Ibu itu, suatu ketika pernah mengomentari keluarga kami. Katanya, “Alhamdulillah ya. Kalian bahagia. Si Mas ternyata shalih. Orang baik. Anak-anak juga bersih-bersih wajahnya. Tumbuh sehat. Juga pintar, dan shalih.”
Saya hanya menunduk. Seraya mengamini. Lantas tersenyum saat melewati depan rumah ibu itu. Moga beliau bahagia di dunia dan akhirat. Begitu pun dengan teman-teman yang berkanan panjatkan doa untuknya.
***
Ibu ini lain lagi. Beliau punya riwayat mistis yang panjang. Pernah berkunjung ke berbagai dukun untuk melakukan konsultasi. Sebabnya, perutnya membesar. Mendadak menjadi buncit. Tentu saja, ia dan keluarganya sangat khawatir.
Kunjungan-kujungan ke berbagai dukun itu, tentu saja tidak gratis. Sampai-sampai, aset satu-satunya yang paling berharga terjual. “Tanah belakang rumahnya dijual. Untuk berobat.” tutur sumber hikayat. Terkonfirmasi. Valid.

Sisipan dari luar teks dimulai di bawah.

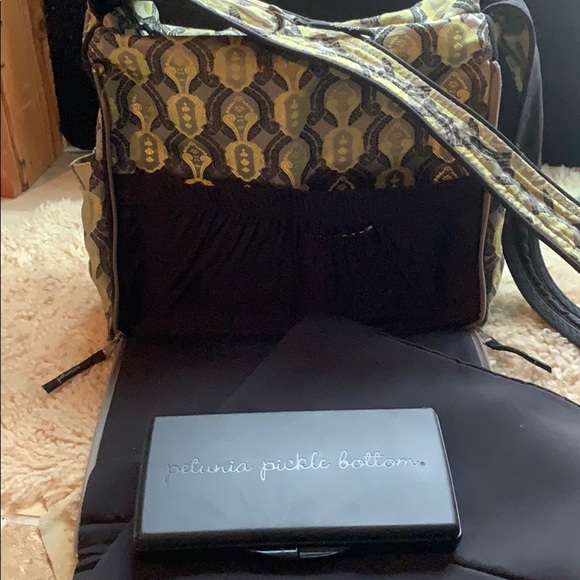 Petunia Pickle Bottom Diaper bag - Picture 2 of 8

Kenapa konyol? Jangan ketawa ya. Saya kasih tahu.
“Setelah diperiksa ke berbagai dukun, nihil. Perutnya tambah membesar. Ia muntah-muntah. Sering merasa mual.” tutur sumber lain.
“Akhirnya, ia pergi ke bidan. Dia dinyatakan hamil. Ya. Hamil.” Pungkas sumber riwayat.

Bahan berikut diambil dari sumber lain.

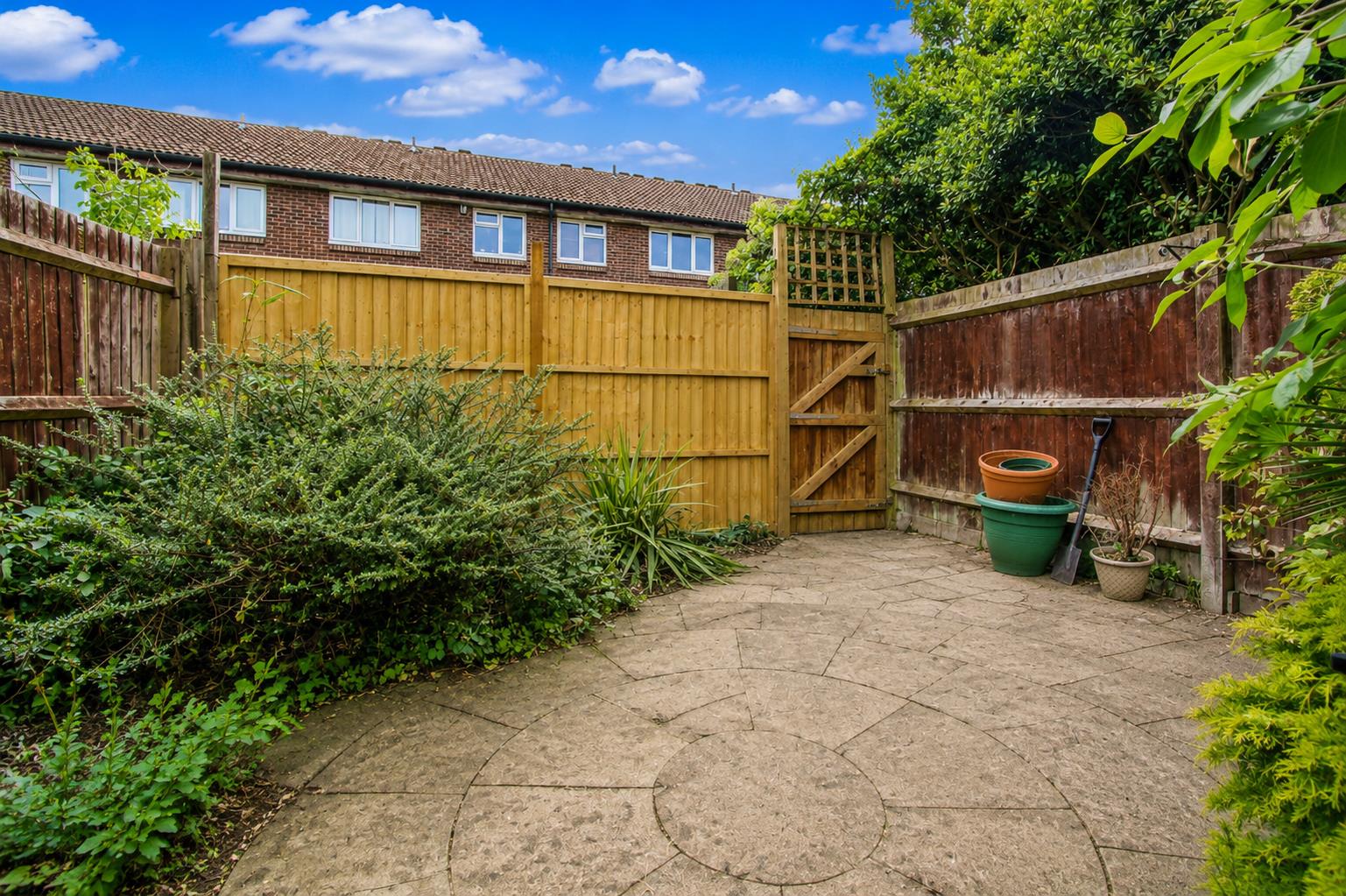 Mariette Way, Wallington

Ibu ini, pernah pula berkata agak berteriak dari teras rumahnya, “Om, kapan mulai ngaji lagi? Anak-anak sudah nanyain. Katanya sudah pingin masuk lagi.”
“Insya Allah segera. Nanti dikabari ya.” jawab kami dengan sepenuh syukur. Alhamdulillah, anaknya sudah ketagihan dan kangen ngaji.
***
Siang tadi, seorang ibu membuat saya berhenti ketika hendak meninggal teras rumah untuk sebuah keperluan sangat penting. “Om,” panggilnya.
Saya berhenti. Menengok, menghadapkan wajah ke arahnya secara sempurna. “Tadi pagi anak saya bangun jam dua. Dia membangunkan saya. Bertanya, ‘Mah, sudah Shubuh atau belum?’ Saya jawab masih lama. Terus dia tidur lagi.”
Saya menyimak dengan cermat. Penasaran dengan kelanjutan kisahnya.
“Rupanya, Om. Dia minta dibangunkan karena mau shalat berjamaah di Masjid. Eh,” pungkasnya, “pas bangun lagi imam masjid sudah baca doa qunut.”
Saya tersenyum. Lalu beranjak melanjutkan langkah.
***
Kita hidup di akhir zaman. Jangan terlalu serius memburu dunia. Sebab dunia itu pergi. Akhirat yang mendekat. Carilah dunia seprofesional mungkin. Dengan niat ibadah. Manfaatkan hasilnya di jalan Allah Ta’ala. Selanjutnya, pikirkan baik-baik, “Bekal apa yang akan kita unggulkan di akhirat kelak?”
Jangan sampai nama kita berhenti dibicarakan sesaat setelah tanah kuburan kita kering.